[A Survey of Russian Literature, with Selections by Isabel Florence Hapgood]@TWC D-Link bookA Survey of Russian Literature, with Selections CHAPTER IX 3/43
Oblomoff not only represented the type of the landed proprietor, as developed by the institution of serfdom, but the racial type, which comprised the traits common to Russians in general, without regard to their social rank, class, or vocation.
In fact, so typical was this character that it furnished a new word to the language, "oblomovshtchina,"-- the state of being like Oblomoff.
Oblomoff carried the national indolence--"_khalatnost_," or dressing-gown laziness, the Russians call it in general--to such a degree that he not only was unable to do anything, but he was not able even to enjoy himself.

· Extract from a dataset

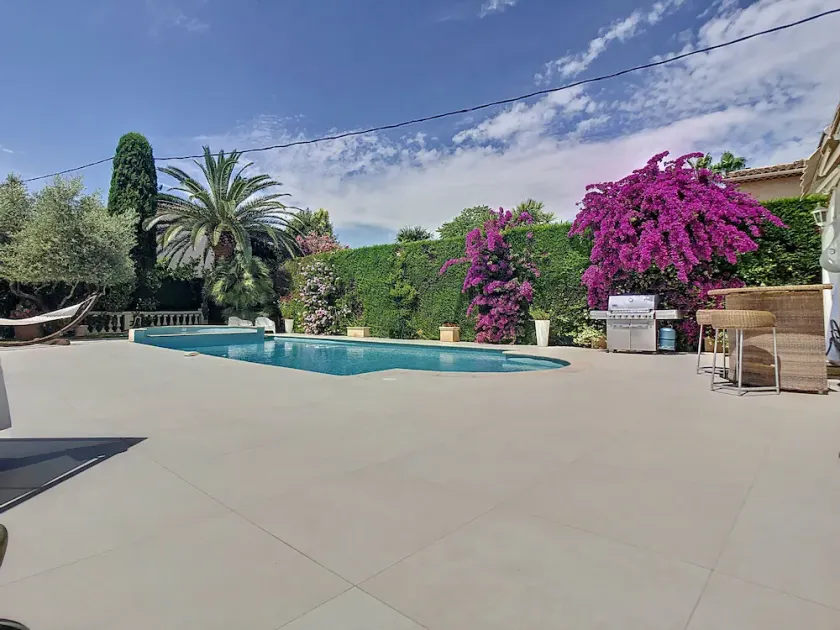 Modern Provencal house with swimming pool and jacuzzi - Image 1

Added to this, he was afflicted with aristocratic enervation of his faculties, unhealthy timidity, incapacity to take the smallest energetic effort, dove-like gentleness, and tenderness of soul, rendering him utterly incapable of defending his own interests or happiness in the slightest degree.
And these characteristics were recognized as appertaining to Russians in general, even to those who had never owned serfs, and thus the type presented by Oblomoff may be said to be not only racial, but to a certain extent universal--one of the immortal types, like Don Quixote, Don Juan, Hamlet, and the like.